O maior resultado, no entanto, foi a união feminina. "Com as mulheres unidas, tínhamos força para responder a qualquer ;gracinha; de aluno ou comentário indevido de professor", conta. Além disso, as estudantes passaram a se defender e apoiar. "Quando uma menina ficou grávida e quando outra teve imagens íntimas vazadas na internet, por exemplo, as garotas rebatiam os que falassem sobre elas nos corredores e davam um abraço nas afetadas pelos casos. Era formada uma irmandade", descreve.

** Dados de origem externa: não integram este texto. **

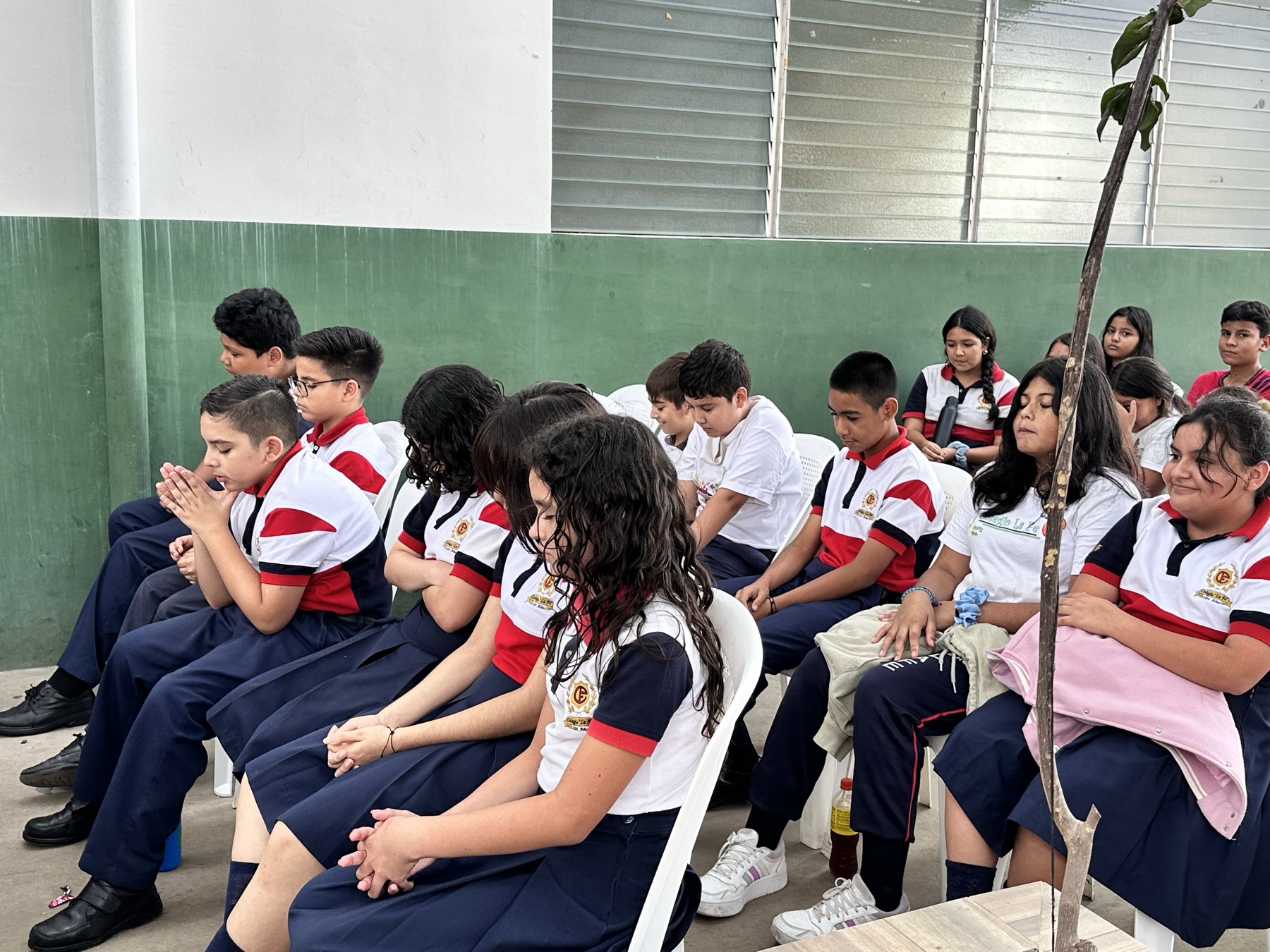 Estudiantes de Quinto Grado del Colegio La Fe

Na opinião de Giovana, a diferença entre uma escola em que o feminismo é trabalhado e uma que não conta com nenhuma atividade nesse sentido é gritante. "Agora, estou num cursinho particular, em que não tenho voz ou força para debater com um professor, por exemplo, porque outras meninas não me apoiariam", contrasta.
Saiba mais
O Diálogo Elas nas Exatas é fruto de parceria entre o Instituto Unibanco, o Fundo Elas, e a Fundação Carlos Chagas (FCC) e vai até esta terça-feira (28). O primeiro, fundado há 30 anos, é uma das instituições responsáveis pelo investimento social privado do conglomerado Itaú-Unibanco e busca contribuir para a melhoria da qualidade da educação, especialmente com foco em gestão escolar a fim de alavancar o ensino médio; o segundo, em 15 anos de experiência, apoiou mais de 330 grupos de mulheres por meio de 19 concursos de projetos que distribuíram R$ 22,5 milhões para iniciativas voltadas à promoção de direitos de mulheres; por fim, a FCC, iniciada há 50 anos, é dedicada à pesquisa em educação e avaliação de competências cognitivas ou profissinais.
Os editais do Elas - Fundo de Investimento Social costumam ser lançados no segundo semestre de cada ano, normalmente em setembro. Interessados podem acompanhar pelo site.